Life’s but a walking shadow, a poor player
That struts and frets his hour upon the stage
And then is heard no more. It is a tale
Told by an idiot, full of sound and fury
Signifying nothing.

The Light behind Reality.

The Light behind Reality.

That’s the famous sililoquy in Macbeth, spoken by the title character. Macbeth is Idependent Shakespeare Company’s next show of the summer. It opens next week. It’s much heavier, much darker than She Stoops to Conquer, but immediately after humanity’s last recorded syllable, all our dramas and comedies will have appeared to be the same tale.

I fixed a few things on the set before the show on Friday, but left before the curtain went up. The heat of the day had gone, but the concrete at the bus stop released all the heat it had absorbed during the day. It was that dusty end-of-day summer heat that – even without a speck of dirt on your person – sinks into every wrinkle and crevace on your body and makes you feel nasty.

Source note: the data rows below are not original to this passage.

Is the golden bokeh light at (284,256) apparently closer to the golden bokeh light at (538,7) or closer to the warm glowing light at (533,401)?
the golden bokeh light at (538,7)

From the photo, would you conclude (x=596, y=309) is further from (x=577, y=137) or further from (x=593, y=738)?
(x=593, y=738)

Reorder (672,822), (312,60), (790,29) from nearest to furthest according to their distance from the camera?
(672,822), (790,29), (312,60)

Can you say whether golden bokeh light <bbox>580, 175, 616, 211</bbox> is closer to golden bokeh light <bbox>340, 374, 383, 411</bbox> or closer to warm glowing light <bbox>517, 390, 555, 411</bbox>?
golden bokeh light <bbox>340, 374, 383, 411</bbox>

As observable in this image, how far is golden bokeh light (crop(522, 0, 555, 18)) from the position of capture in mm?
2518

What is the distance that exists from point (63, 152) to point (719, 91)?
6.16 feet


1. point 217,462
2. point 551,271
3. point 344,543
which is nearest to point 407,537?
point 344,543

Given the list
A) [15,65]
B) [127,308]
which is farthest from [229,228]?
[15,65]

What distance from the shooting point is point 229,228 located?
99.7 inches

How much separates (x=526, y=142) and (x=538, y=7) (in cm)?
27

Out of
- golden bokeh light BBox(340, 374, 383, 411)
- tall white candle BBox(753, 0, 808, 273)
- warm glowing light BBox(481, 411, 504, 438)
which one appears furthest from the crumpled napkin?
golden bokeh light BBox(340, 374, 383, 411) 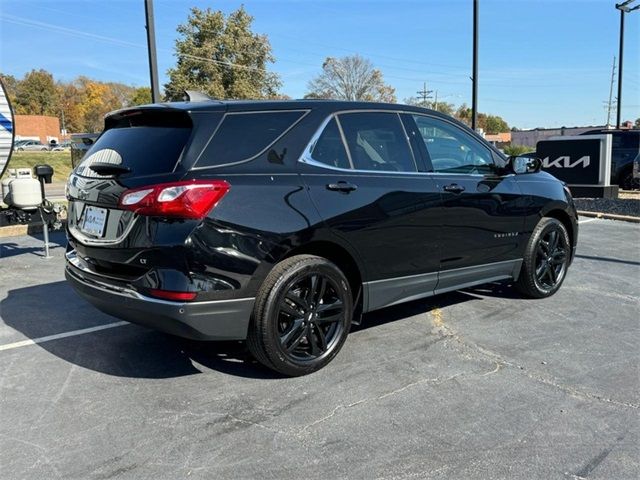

I praised all the All-Mighties when I boarded the air-conditioned bus, then stared at all the little heads before me with all those little thoughts and all those little tomorrows. But for some reason, I slipped into Dark Yesterday. Soon, I was thinking of ways I could’ve made the set better. This, that, not that, or even that, Jesus, that would’ve been much simpler, you idiot! From there – naturally – I began to think of ways I could’ve treated ex-girlfriends better, then to things I should’ve told my father and close friends before they died. Then came the flood of a million other shoulds and shouldn’ts until I found myself reaching out in the blacknight water for life-preservers of memory – those moments when only just words were spoken and just actions were made in the moment.

A blurry fountain. No, I did not take a picture of her boob.

A blurry fountain. No, I did not take a picture of her boob.

I couldn’t find those moments, however, and when the bus stopped, all I had to save me from the stagnant waters of The Past was a young Mexican-American mother with a boob hanging out of her blouse. I let her exit the bus before me. She was holding an infant – and with one arm fastening child-to teat, and the other lugging her grocery bags, baby bag, purse and stroller, she stepped out on the curb and waited for another bus. She wasn’t even home yet, she had at least one more bus to go. Or, maybe she wasn’t going home. Maybe her tomorrow had already begun. Wherever she was going, she looked too busy juggling that baby to be stuck in The Past.